Piotr kiwną ze zrozumieniem.
- To trwało około pół roku. Prawie co dzień się spotykaliśmy, zawsze u niego, bo jak zaznaczył, co by powiedział mój ojciec, gdyby nas razem zastał. Ciotka była niby dyskretna, przynosiła herbatę i ciasteczka…i niknęła. Pamiętam jej wzrok, co ona o mnie myślała? Nie ważne. Pamiętam ten dzień, kiedy poczułam zapach i usłyszałam chichot. Zaraz po szkole, zaczęła chodzić już do liceum, pobiegłam do Krzysztofa. Zapomniałam się przebrać, nie lubił mnie w spódnicy, wolał jak chodziłam w spodniach. Zobaczył mnie w drzwiach i zaczął z tego powodu kaprysić, że pewnie poznała jakiego chłopaka i że to dla niego ta spódniczka. Zaczęłam się tłumaczyć, że po prostu mieliśmy apel i że to jest strój apelowy. Nagle powiedział, ze jutro wyjeżdża, przeraziłam się. Zaczęłam go wypytywać dlaczego. A on, że przecież mi mówił…był zły, pamiętam tą jego złość. Weszła ciotka z nieśmiertelnymi ciastkami i herbatą na tacy. Wyszła po chwili.

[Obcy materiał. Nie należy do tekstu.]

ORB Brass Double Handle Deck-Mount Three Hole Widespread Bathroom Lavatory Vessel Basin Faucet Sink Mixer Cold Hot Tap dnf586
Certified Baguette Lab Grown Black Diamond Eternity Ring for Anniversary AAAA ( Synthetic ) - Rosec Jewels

Ja byłam jak oniemiała, nigdy dotąd tak się nie zachowywał. Nagle podszedł do mnie i bez ceregieli zdarł mi majtki i zrobił to normalnie, pierwszy raz, ale nie z miłością tylko z jakąś odrazą, nienawiścią. Mnie bardzo bolało, zaczęłam płakać, straciłam wtedy dziewictwo. On nadal się miotał, wykrzykiwał, że z babami tak zwykle…wtedy poczułam ten zapach, był wszędzie, aż mnie dusił, podniosłam się i spróbowałam napić się wystygłej herbaty. Wtedy usłyszałam śmiech, ironiczny, poniżający.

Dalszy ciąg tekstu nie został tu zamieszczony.